Scott Colcombe

Personal information
- Full name: Scott Colcombe
- Date of birth: 15 December 1971 (age 54)
- Place of birth: West Bromwich, England
- Positions: Midfielder; left back;

Youth career
- 198?–1990: West Bromwich Albion

Senior career*
- Years: Team / Apps / (Gls)
- 1990–1991: West Bromwich Albion / 0 / (0)
- 1991–1995: Torquay United / 89 / (1)
- 1995–1997: Doncaster Rovers / 41 / (4)
- 1997–1998: Telford United
- 1998–????: Stourbridge
- ????–2000: Blakenall
- 2000–2002: Redditch United
- 2002–20??: Willenhall Town
- 2008: Chasetown / 0 / (0)

= Scott Colcombe =

English footballer

Scott Colcombe (born 15 December 1971) is an English former professional footballer.

Colcombe began his career as an apprentice with his local side West Bromwich Albion, turning professional in July 1990. He was released without making his league debut at the end of the following season, joining Torquay United in August 1991. He made his debut on the opening day of the following season, playing in Torquay's 3–1 win at home to Hartlepool United. He played in the following game, a 3–0 defeat away to Preston North End, but was substituted and replaced by Paul Holmes for the next game. He established himself in the second half of the season, but was only on the bench as the 1992–93 season began. Three games into the season he dislodged Arron Davis from the Torquay side and had a run in the side at left-back. He began the following season as first choice at left-back in the Torquay side and played 27 times as Torquay reached the play-offs, losing in controversial circumstances against Preston North End. He played just ten times in the 1994–95 season, kept out of the Torquay side by Scott Stamps and then Gregory Goodridge, and was released at the end of the season.
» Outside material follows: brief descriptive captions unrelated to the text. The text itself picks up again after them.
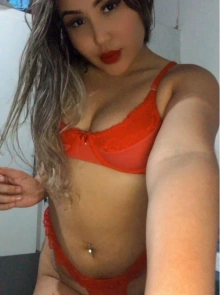 Lorena, Acompanhante em Curitiba 32998667930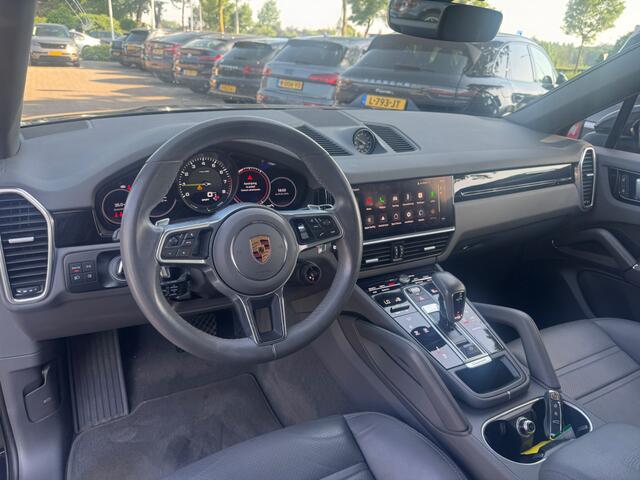 Porsche CAYENNE Coupé 3.0 E-Hybrid / Trekhaak / Panoramadak / 360Camera / Achterasbesturing / Luchtvering / Sportchrono / 21'' / Leder / CarPlay / Stoelverwarming / Dodehoek / DAB / Cruise Control Adaptief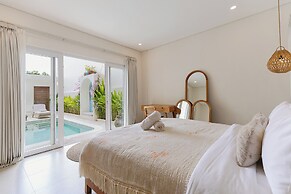 Mata Biru Villa by Betterplace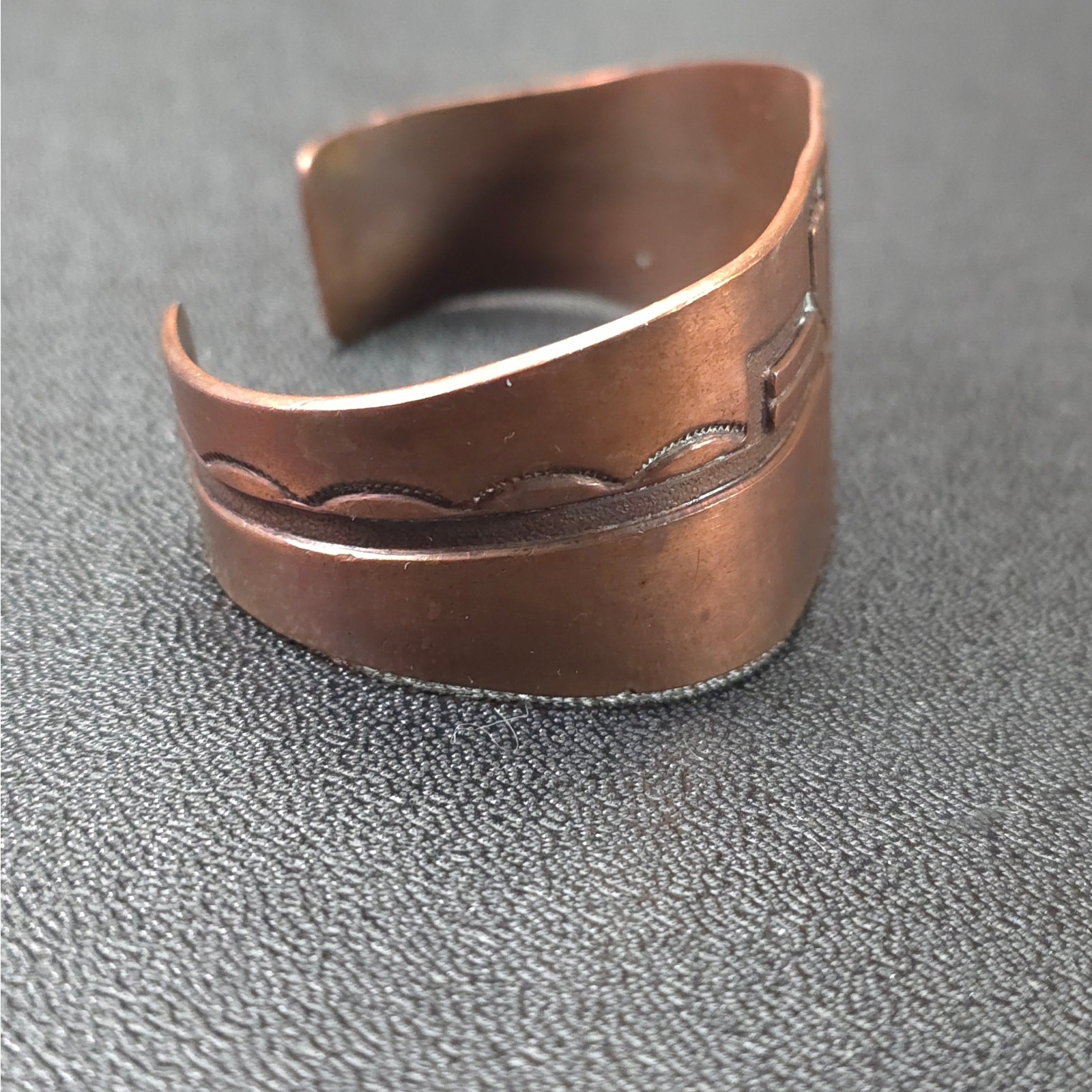 Vintage Unsigned Solid Copper Bracelet Aztec Sout… - image 2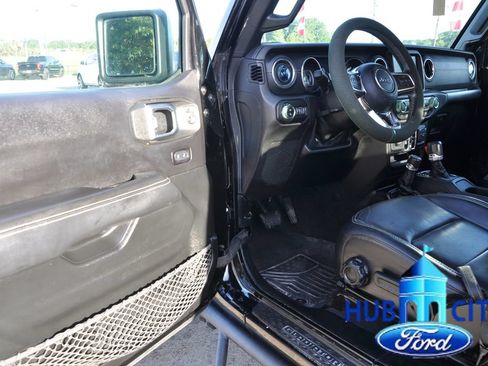 Used 2020 Jeep Gladiator Overland AWD/4WD image 11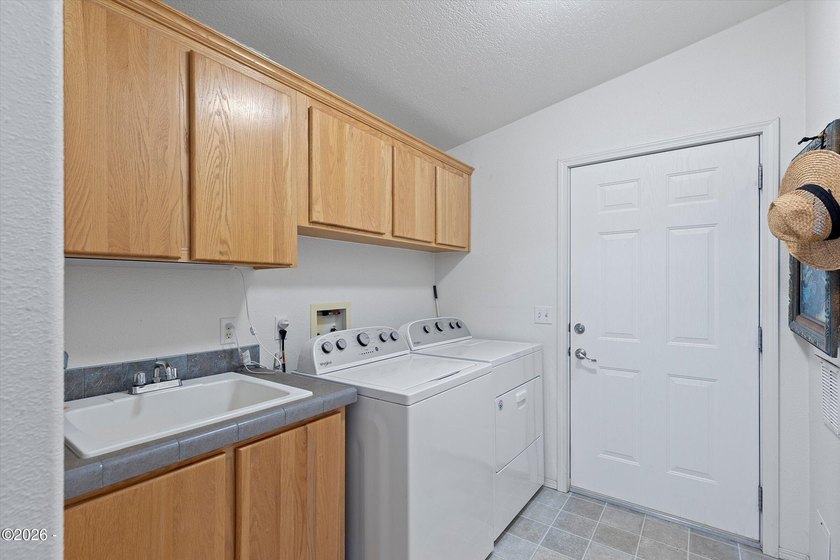 First time on the market! Spacious 2,560 sq ft manufactured home - photo 38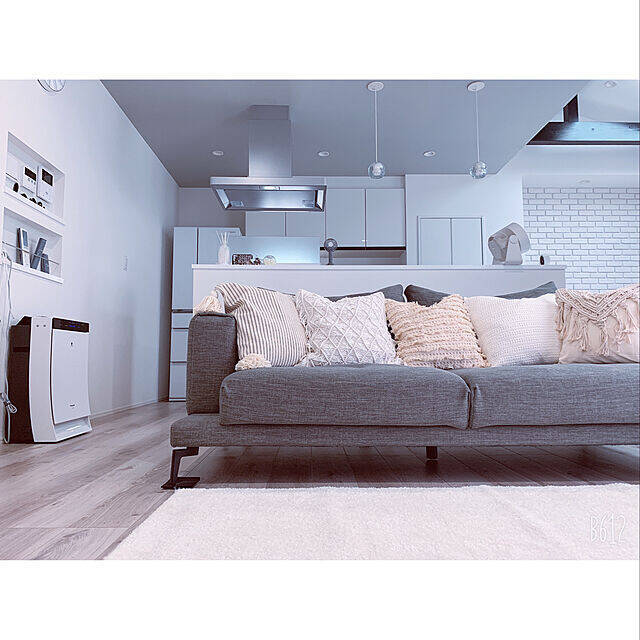 暑さを和らげるカラーや素材選びがコツ！夏に使いたいラグのあるお部屋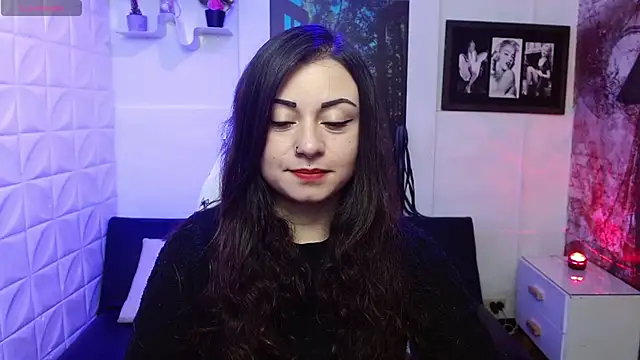 Snapshot of Eva_Roussell chatting on 10/31/25, 02:29 Eva Roussell online show from 10/31/25, 02:29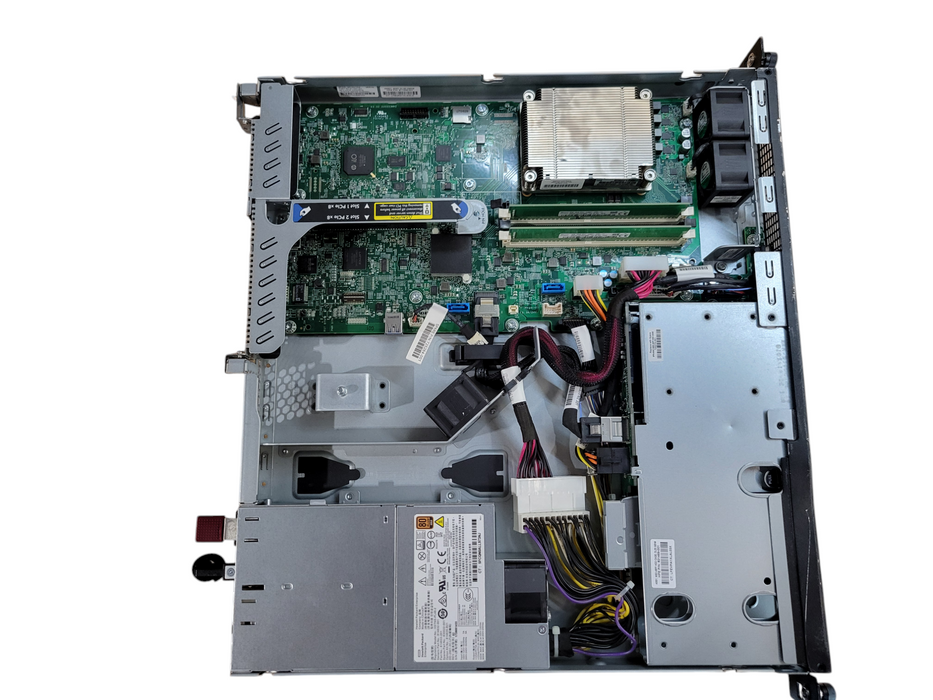 HPE ProLiant DL20 Gen9 - Xeon E3-1230 v6 16GB DDR4 NO HDD B140i 550W PSU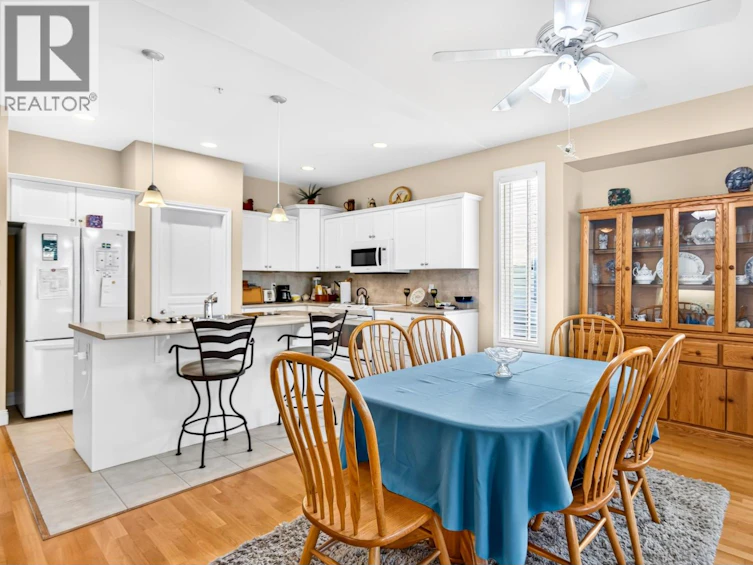 162-19639 Meadow Gardens Way, Pitt Meadows, BC, V3Y 2T5 - 14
He joined Doncaster Rovers, along with fellow Torquay players Duane Darby and Darren Moore, on a free transfer in July 1995. His two seasons at Doncaster were plagued by injuries and he was released in May 1997 having played only 42 times (scoring 3 goals) for Rovers. He joined Telford United on 18 July 1997, but struggled to establish himself in their Conference side. He moved on to Stourbridge on a free transfer the following summer and then to Blakenall during the 1999–2000 season. In June 2000, he left Blakenall to join Redditch United and despite being linked with Bromsgrove Rovers the following close season remained with Redditch for the start of the 2001–02 season. He was revealed to be involved with Sky Sports presenter and Torquay United fan Helen Chamberlain in September 2001.

He was released by Redditch in January 2002 and joined Willenhall Town the following week. He struggled with injuries over an 18-month spell, but returned to the side for the start of the 2004–05 season.

After a series of injuries he attempted to resume his football career and played one cup game for Chasetown in the 2007–08 season.